Most helpful positive review
17 of 17 people found the following review helpful
Recommended to All Therapist who want to get better Results! By (Brian DeSantis, Psy.D)
on March 30, 2010
On Becoming a Better Therapist
( Barry Duncan, Psy.D. )
If you are interested in becoming a more effective therapist, this splendid book is a must read. It is written for therapists by a therapist - but not just any clinician or researcher touting another model or technique, or discussing how to sharpen your diagnostic skills. Dr. Duncan is a psychotherapist with thirty years and 17,000 hours of direct experience with clients, as well as a researcher, international trainer and consultant, and author of over one hundred professional articles and books on what works in therapy. Written for therapists of all disciplines, theoretical persuasions, and career levels, this book is Duncan's latest gem.
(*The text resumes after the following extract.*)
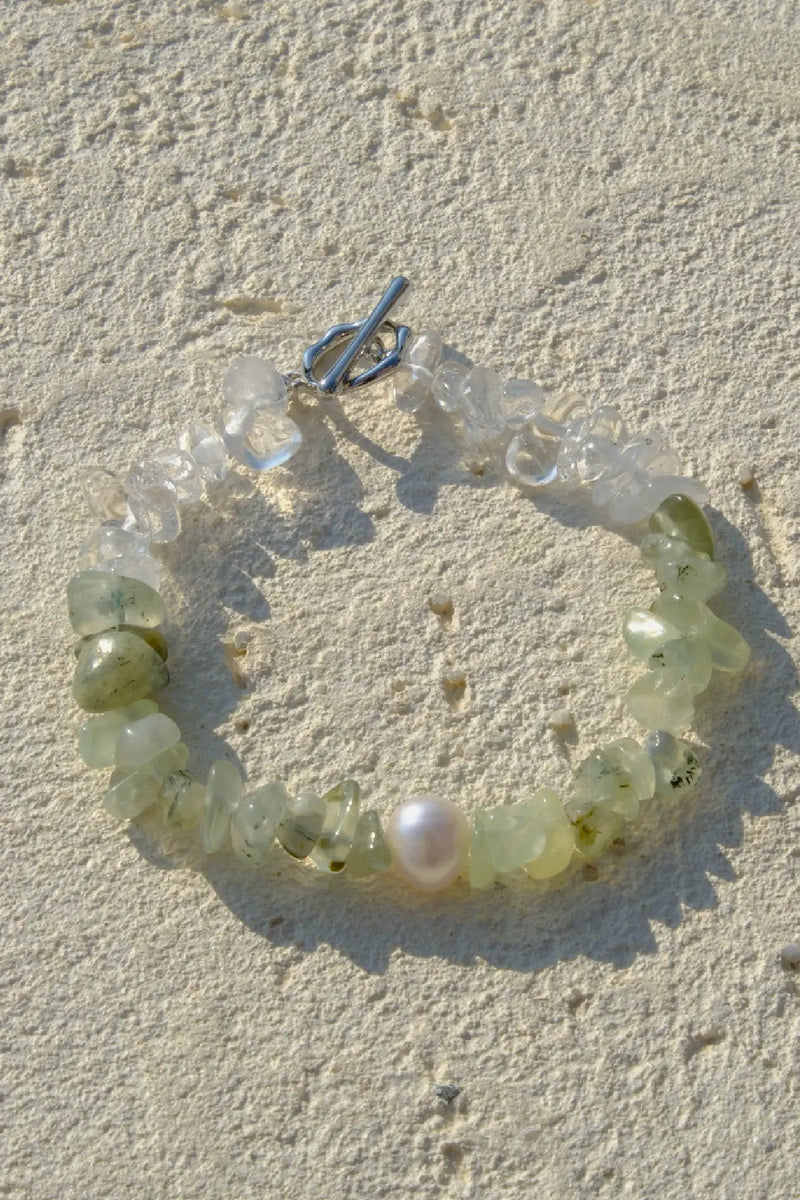 Prehnite & Clear Quartz & Pearl Bracelet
Based extensively on 50 years of increasingly sophisticated psychotherapy outcome research, Duncan takes his message to another level by confronting the silent problems that have chronically plagued therapists - clients who do not progress, significant drop-out rates, a wide range of therapist variability, and therapist's inability to predict client deterioration. In this book, he offers an immediate clinical solution to these challenges by focusing on the two most important people to therapy outcome, the client and the therapist, while also proposing the systematic use of outcome measures to provide therapeutic direction toward improved results.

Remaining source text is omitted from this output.